四、
勝之丞からどぶりと溢れた黒の汚泥は、そのまがまがしさから見たことがない者でも何かをわからせた。
「
茂松の恐怖に震える声が、背後から聞こえた。
見る間にどろどろとしたものが膨張してゆくのを前に、平蔵は一歩踏み出しながら、立ち尽くす梅彦に怒鳴る。
「梅彦、走れ!」
呆然としていた梅彦が、雷に打たれたように足を動かしだす。
しかし、もつれて遅い上、背後から黒いよどみが執拗に追いすがってくる。
このままでは逃れられないのは明白だ。
平蔵は走りながら、黒革の柄に右手をかけた。
まるで吸い付くような握りに、様々な記憶と想いが去来するが、無理やりねじ伏せる。
そして羽のように紅塗りの鞘へと寄り添う童女に向けて、平蔵は声をかけた。
文言は、事前に聞いていた。
「”我が魂を刃となせ”」
「あい」
闇夜に響いた幼い声は、不思議と嬉し気に思えた。
とたん、さやの姿が溶け消え、平蔵が左手で握る紅塗りの鞘が熱く脈動した。
平蔵は全身に力が満ちていくのを感じながら、さらに加速する。
勝之丞の虚からあふれた虚神は、いまは道をふさがんばかりの巨大な人の掌となっていた。

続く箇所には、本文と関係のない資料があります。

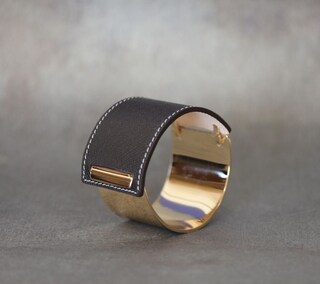 Bracciale Polsino Piatto Martellato LES POULETTES BIJOUX - Ottone Placcato Oro, Regalo In Scatola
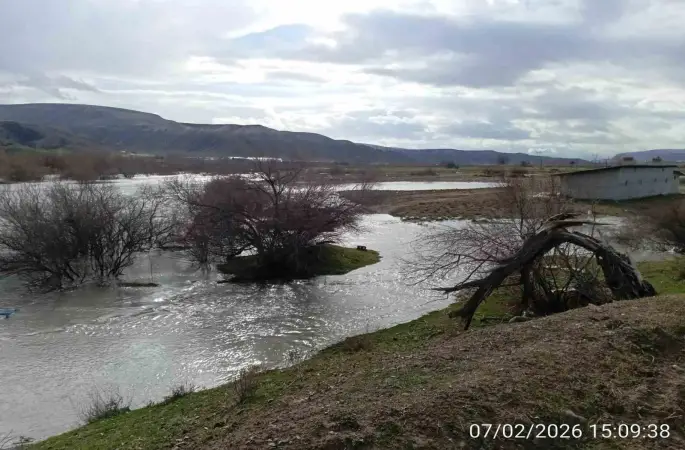 Beypazarı’nda ekili araziler sular altında kaldı
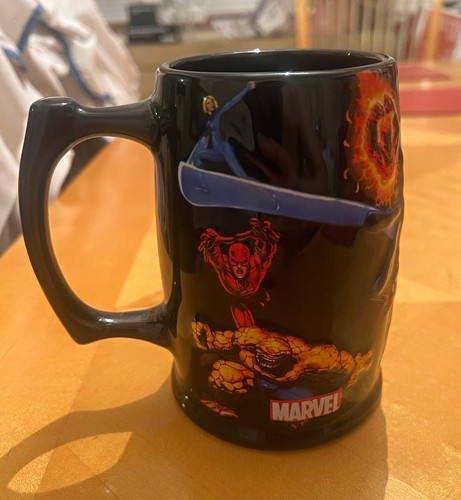 Marvel superheroes black 330ml - superheroes,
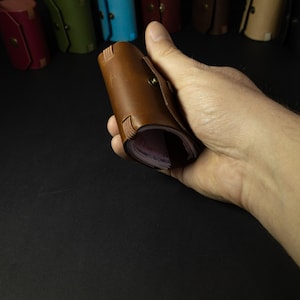 Cartera de cuero artesanal con cierre magnético de neodimio y banda elástica. Delgada y segura.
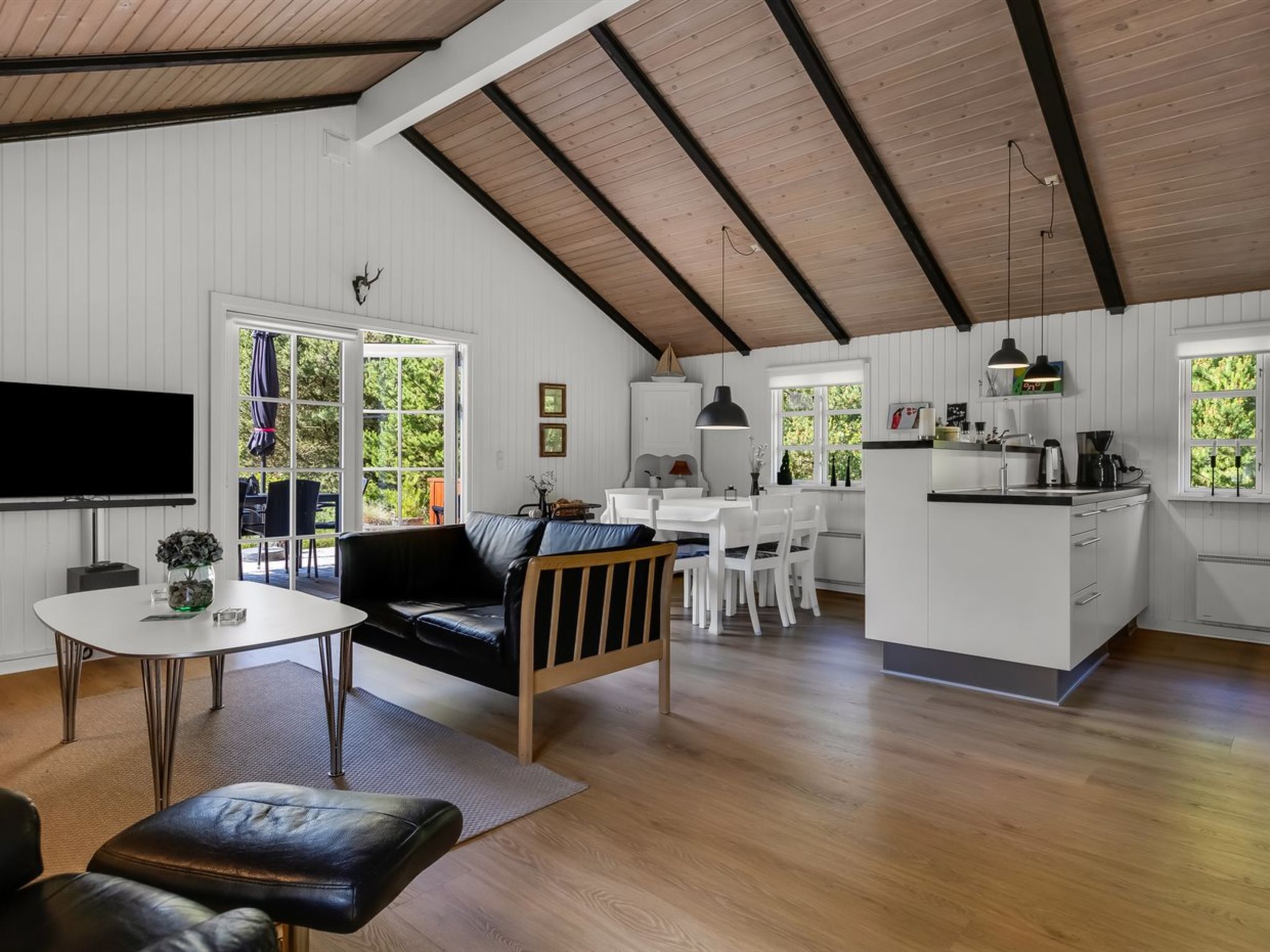 "Andon" - 2.7km from the sea - Binnen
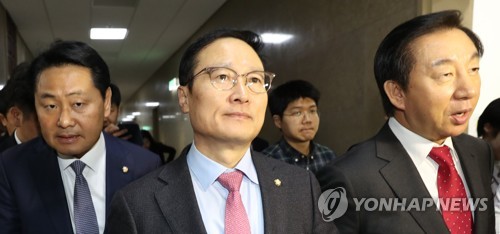 의장실로 향하는 3당 원내대표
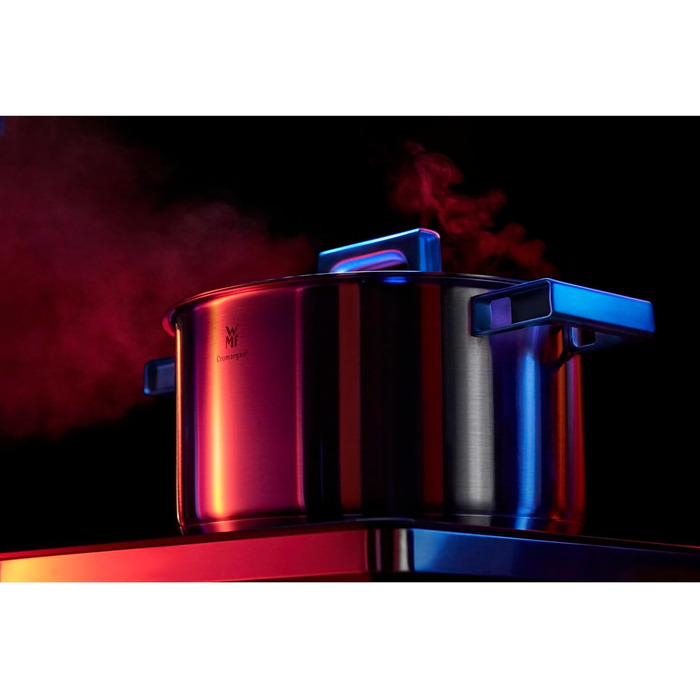 Каструля WMF Ultimate Cool 16 см без кришки, 1,4 л, Cromargan® нержавіюча сталь, без покриття, для індукційних плит, з внутрішньою міткою об'єму, придатна для миття в посудомийній машині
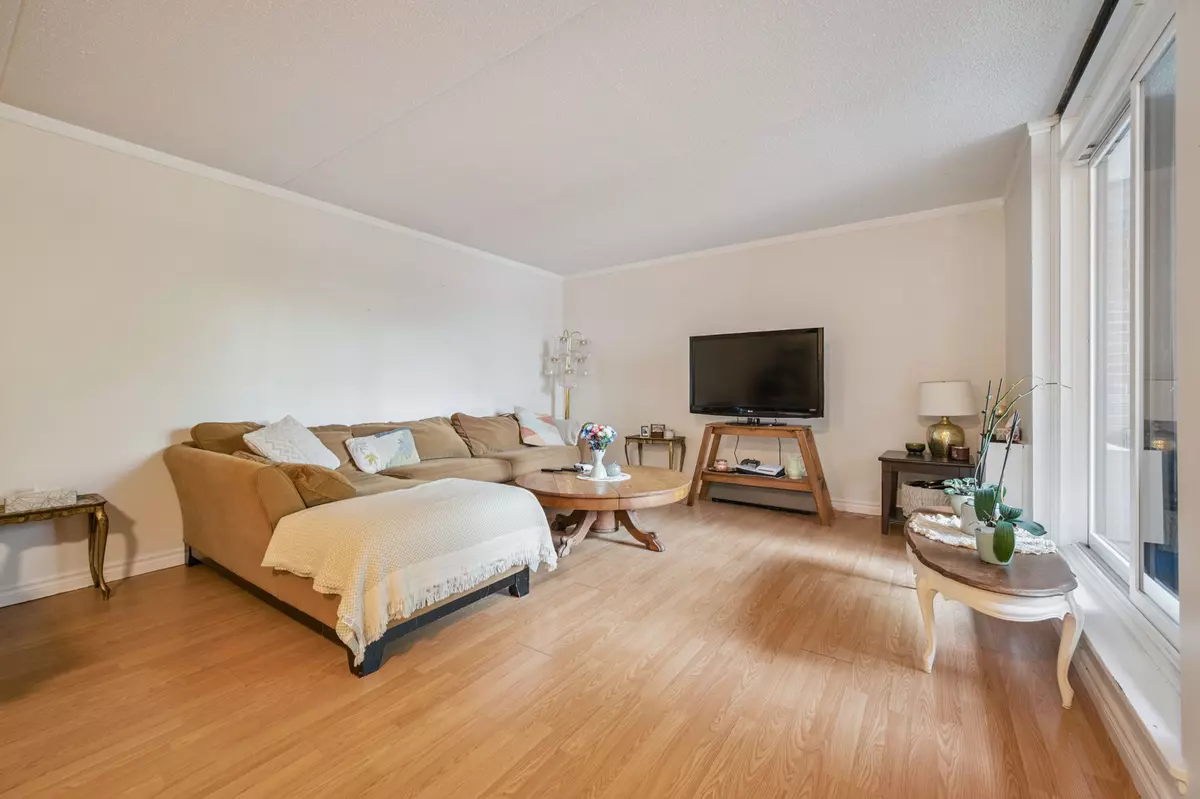 Guelph, ON N1H 7R9,65 Silvercreek Pkwy N #310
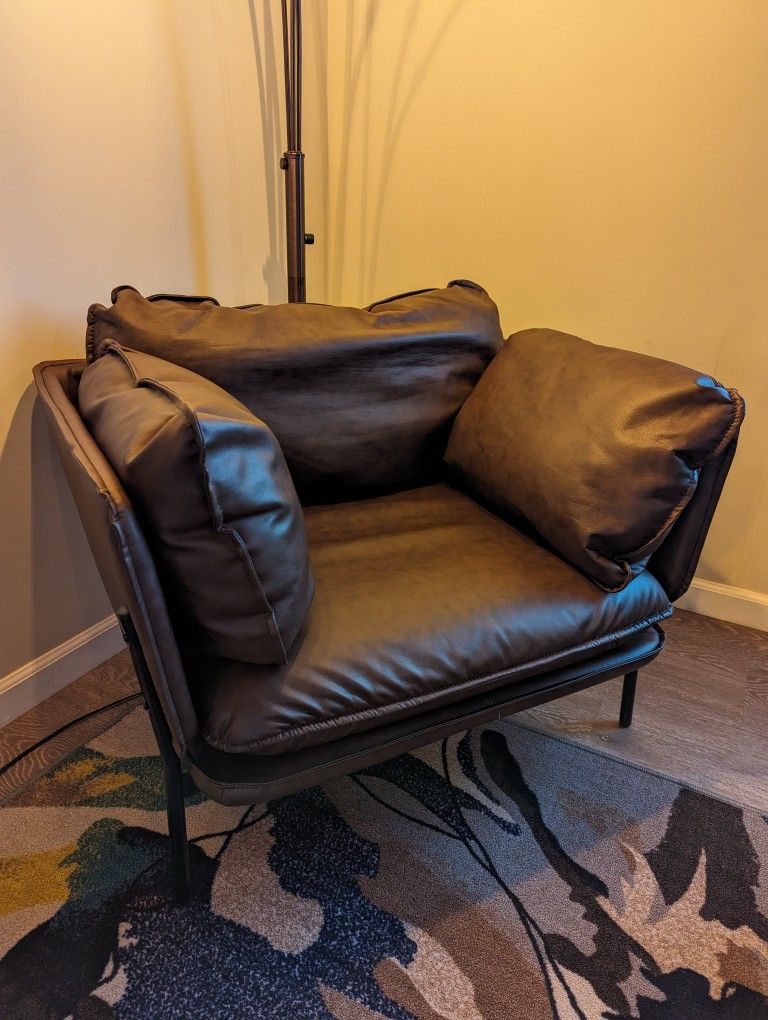 Contemporary Faux Leather Arm Chair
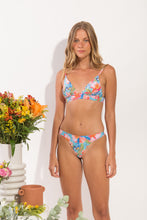 Carregar imagem no visualizador da galeria, Model Front: Rio De Sol Ensemble Set Zinnia Tri-Cos Nice-Fio
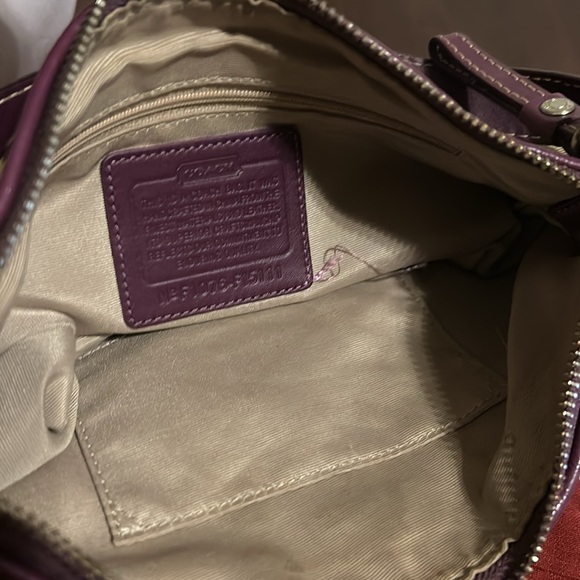 Coach Signature Handbag - Picture 4 of 4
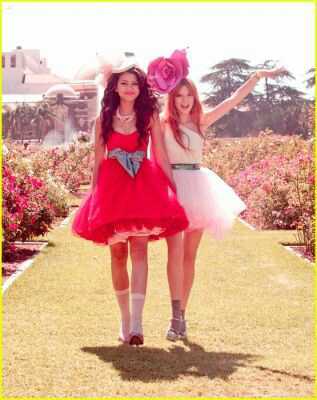 Thinking about friends... Im a zswagger bellarino arianator my friend @Midnight_Daya my bffs @zendaya @BTprivaccount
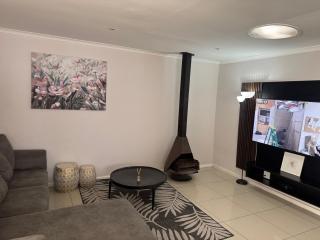 Canary Guest house - 4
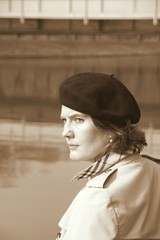 Frau mit Baskenmütze am See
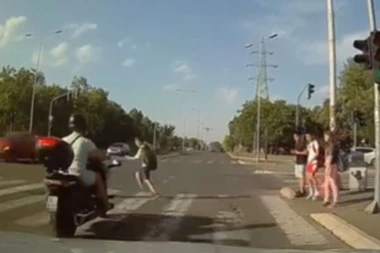 KO JE KRIV? Deca pretrčavala ulicu na crveno, motociklista SE PROVUKAO između automobila, pa u poslednjem trenutku izbegao nesreću!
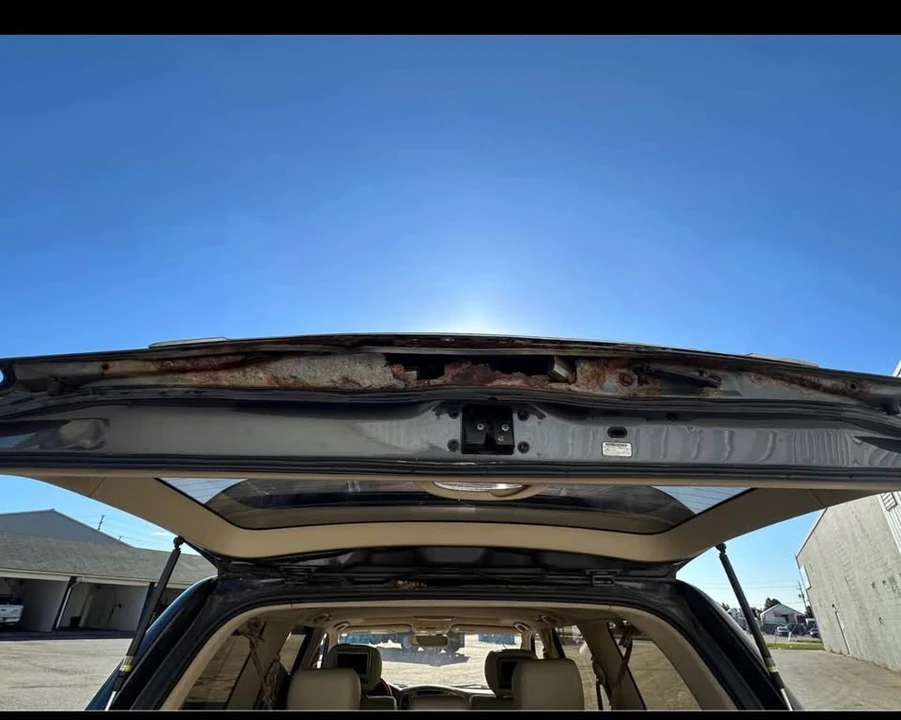 2003 Lexus LX 2nd Gen - Image 16 of 16
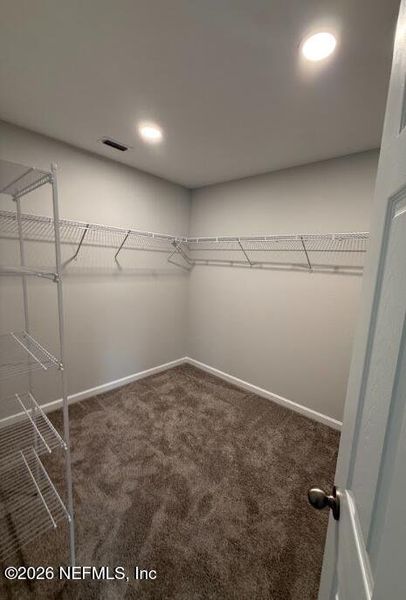 Spacious, unfurnished interior of a new home in , Jacksonville (Image 10).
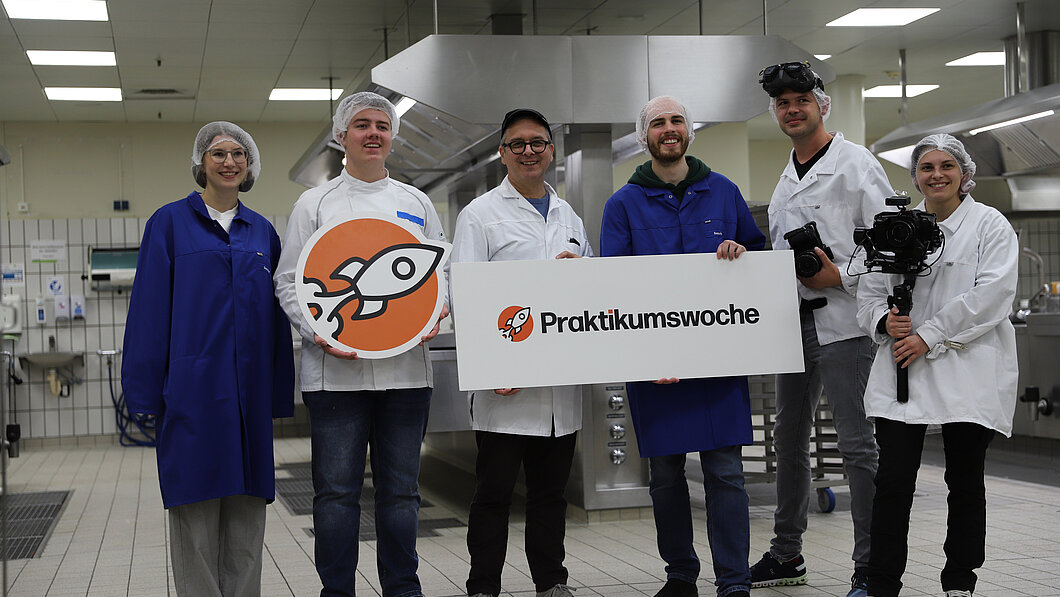 Bild von den Mitgliedern der Praktikumswoche in der Zentralmensa
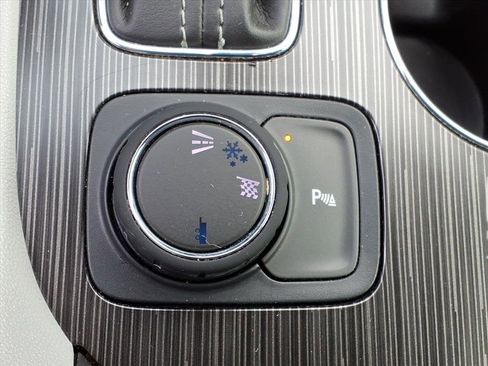 Used 2019 GMC Acadia SLT image 18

人一人、ねじりつぶすのも容易と思われるその手は、のろのろと逃げる梅彦の頭上へと迫っている。
しかし梅彦は足をもつれさせてその場に転んだ。
『アハハッハハハ、潰レロォオ!』
哄笑と共に、振り下ろされようとする巨大な手を前に、梅彦はなすすべがない。
平蔵は鯉口をきり、刃を抜いた。
斬。
ぼとり、とその場に落ちた虚神の手のひらは、力を失って霧散した。
『アヒャ、ヒャ?』
何が起きたのかわからないとでも言うように、虚神に呑まれた男は首をかしげ、次いで手首から吹き出す瘴気の靄に絶叫する。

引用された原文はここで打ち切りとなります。